_WHAT IS EXPECTED:_ Would you write out the listing verbatim and skip every picture in it?

_RECORDED INFORMATION:_
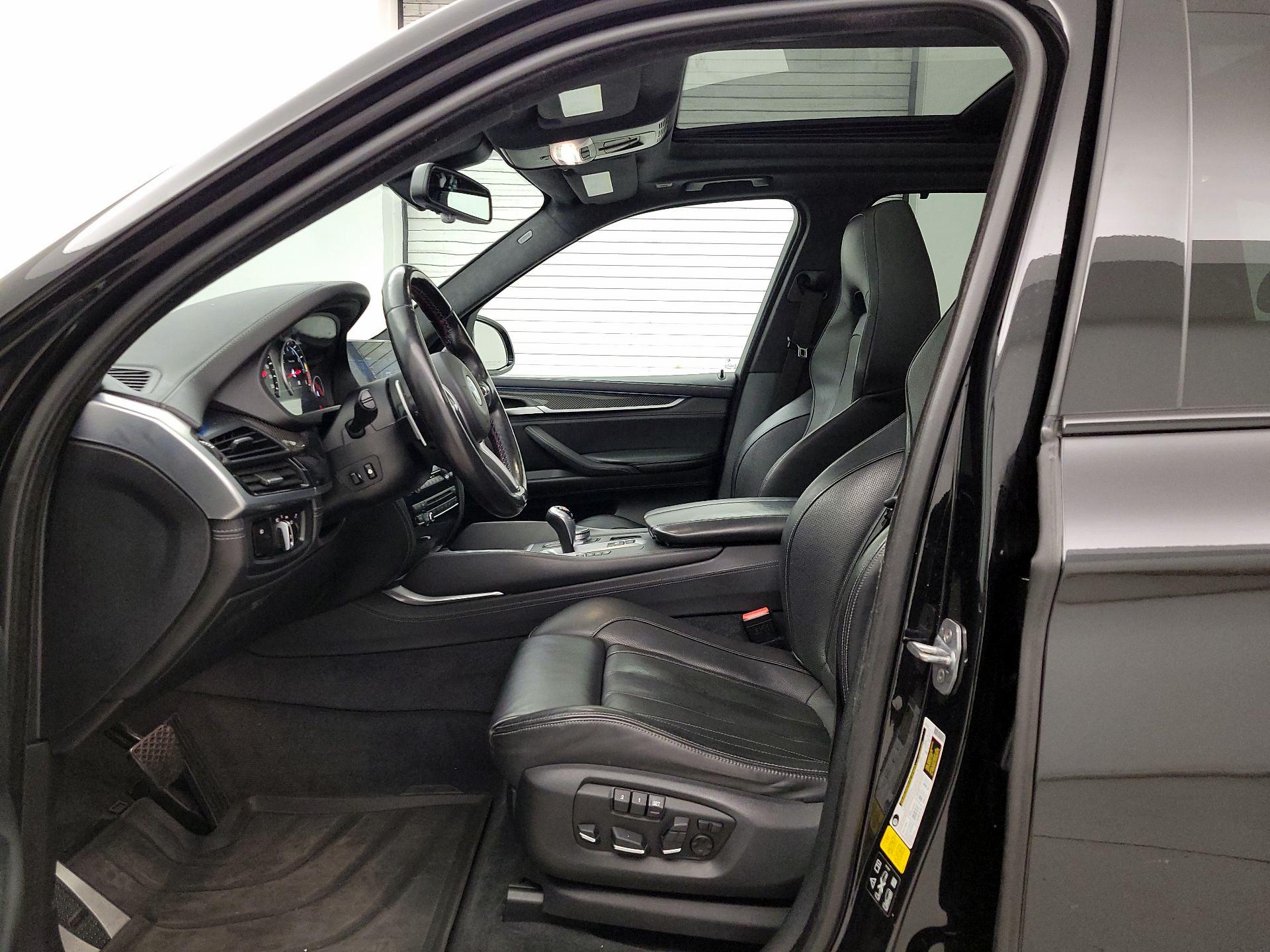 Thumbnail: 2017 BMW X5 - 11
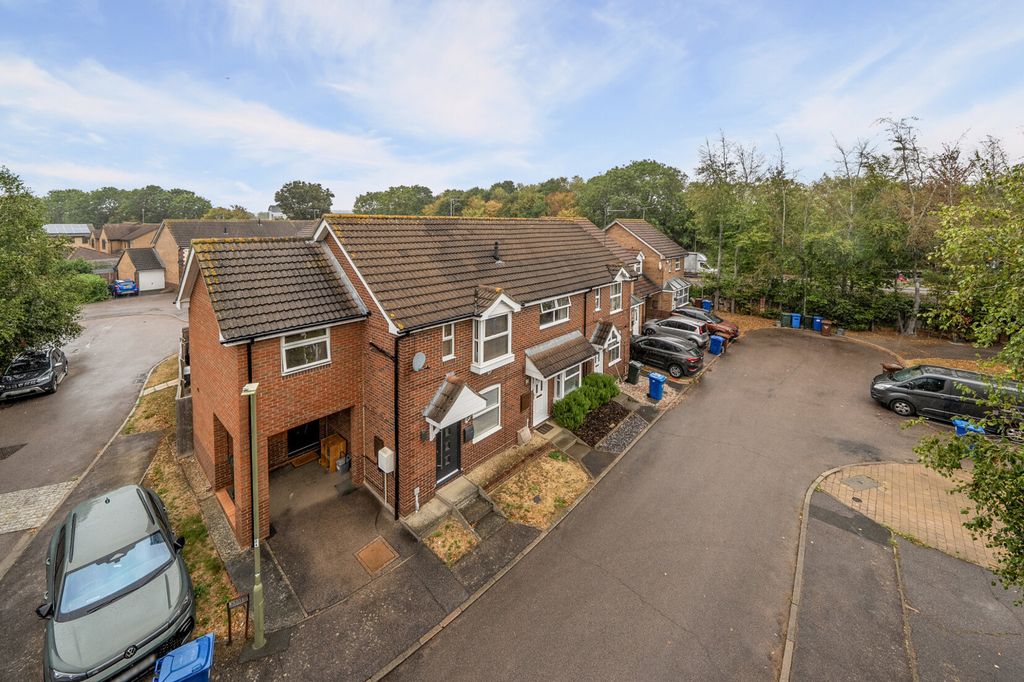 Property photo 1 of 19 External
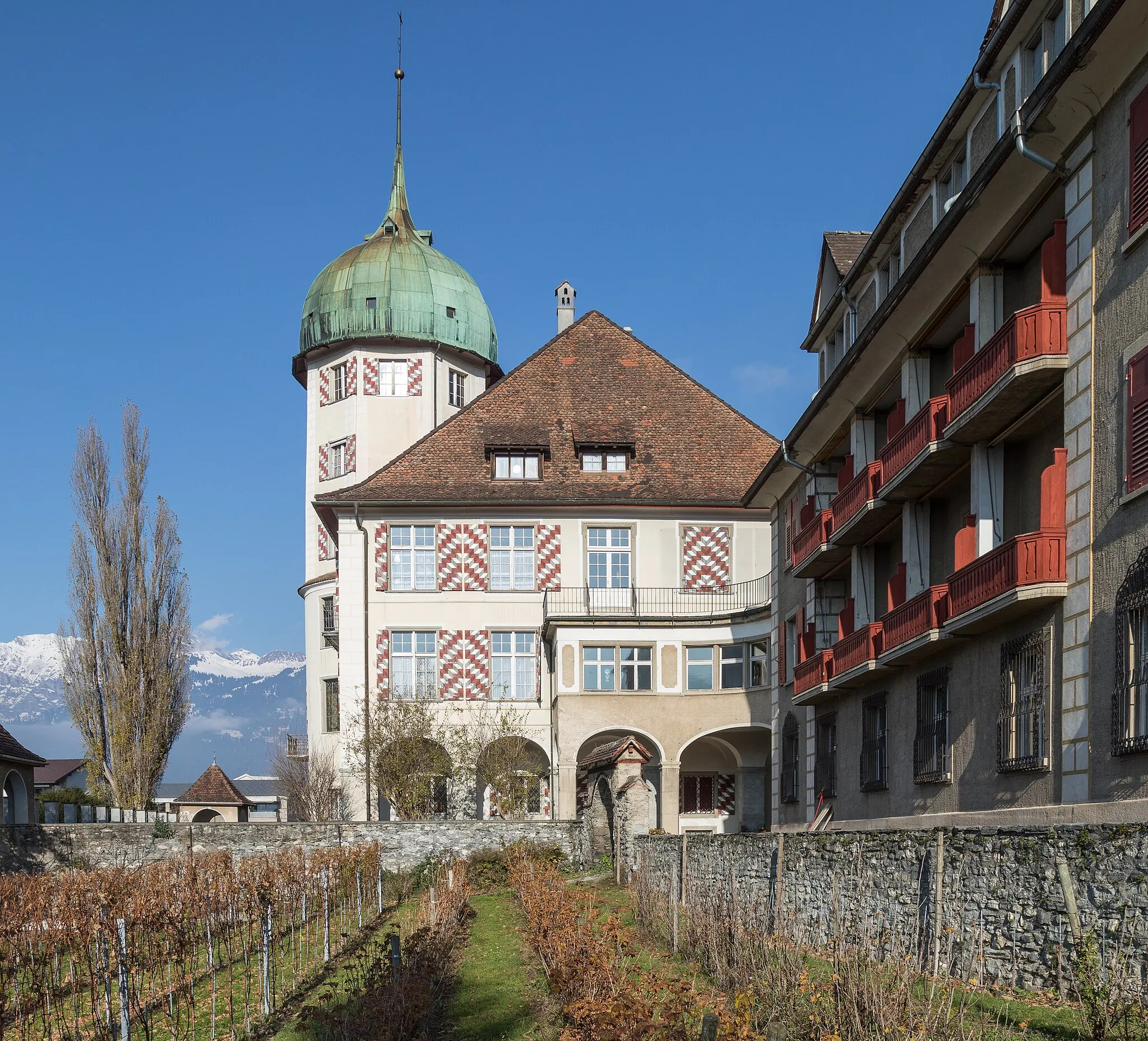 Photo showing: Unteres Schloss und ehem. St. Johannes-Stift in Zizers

_OUTPUT BELOW:_
 Thumbnail: 2017 BMW X5 - 11
 Property photo 1 of 19 External
 Photo showing: Unteres Schloss und ehem. St. Johannes-Stift in Zizers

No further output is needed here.